Modules, Components and Logic
[0151] Certain embodiments are described herein as including logic
or a number of components, modules, or mechanisms. Modules may
constitute either software modules (e.g., code embodied (1) on a
non-transitory machine-readable medium or (2) in a transmission
signal) or hardware-implemented modules. A hardware-implemented
module is a tangible unit capable of performing certain operations
and may be configured or arranged in a certain manner. In example
embodiments, one or more computer systems (e.g., a standalone,
client or server computer system) or one or more processors may be
configured by software (e.g., an application or application
portion) as a hardware-implemented module that operates to perform
certain operations as described herein.
[0152] In various embodiments, a hardware-implemented module may be
implemented mechanically or electronically. For example, a
hardware-implemented module may comprise dedicated circuitry or
logic that is permanently configured (e.g., as a special-purpose
processor, such as a field programmable gate array (FPGA) or an
application-specific integrated circuit (ASIC)) to perform certain
operations. A hardware-implemented module may also comprise
programmable logic or circuitry (e.g., as encompassed within a
general-purpose processor or other programmable processor) that is
temporarily configured by software to perform certain operations.

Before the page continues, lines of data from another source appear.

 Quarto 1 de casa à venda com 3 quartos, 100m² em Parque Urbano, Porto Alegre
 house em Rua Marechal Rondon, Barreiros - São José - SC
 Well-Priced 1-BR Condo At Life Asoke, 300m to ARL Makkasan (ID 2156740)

It will be appreciated that the decision to implement a
hardware-implemented module mechanically, in dedicated and
permanently configured circuitry, or in temporarily configured
circuitry (e.g., configured by software) may be driven by cost and
time considerations.
[0153] Accordingly, the term "hardware-implemented module" should
be understood to encompass a tangible entity, be that an entity
that is physically constructed, permanently configured (e.g.,
hardwired) or temporarily or transitorily configured (e.g.,
programmed) to operate in a certain manner and/or to perform
certain operations described herein. Considering embodiments in
which hardware-implemented modules are temporarily configured
(e.g., programmed), each of the hardware-implemented modules need
not be configured or instantiated at any one instance in time. For
example, where the hardware-implemented modules comprise a
general-purpose processor configured using software, the
general-purpose processor may be configured as respective different
hardware-implemented modules at different times. Software may
accordingly configure a processor, for example, to constitute a
particular hardware-implemented module at one instance of time and
to constitute a different hardware-implemented module at a
different instance of time.
[0154] Hardware-implemented modules can provide information to, and
receive information from, other hardware-implemented modules.

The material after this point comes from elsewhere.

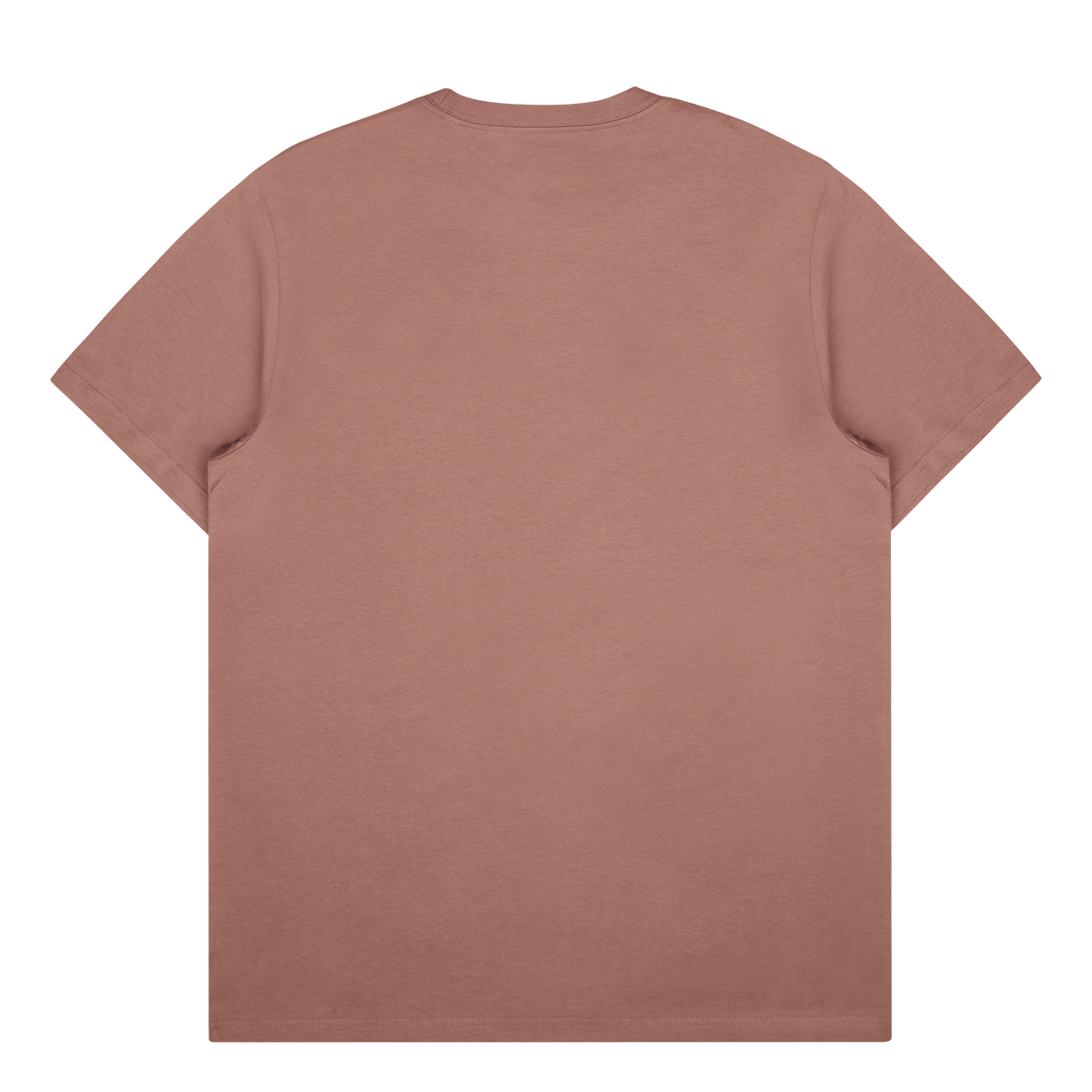 S/s Pocket T-shirt Lupinus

Accordingly, the described hardware-implemented modules may be
regarded as being communicatively coupled. Where multiple of such
hardware-implemented modules exist contemporaneously,
communications may be achieved through signal transmission (e.g.,
over appropriate circuits and buses that connect the
hardware-implemented modules). In embodiments in which multiple
hardware-implemented modules are configured or instantiated at
different times, communications between such hardware-implemented
modules may be achieved, for example, through the storage and
retrieval of information in memory structures to which the multiple
hardware-implemented modules have access. For example, one
hardware-implemented module may perform an operation, and store the
output of that operation in a memory device to which it is
communicatively coupled. A further hardware-implemented module may
then, at a later time, access the memory device to retrieve and
process the stored output. Hardware-implemented modules may also
initiate communications with input or output devices, and can
operate on a resource (e.g., a collection of information).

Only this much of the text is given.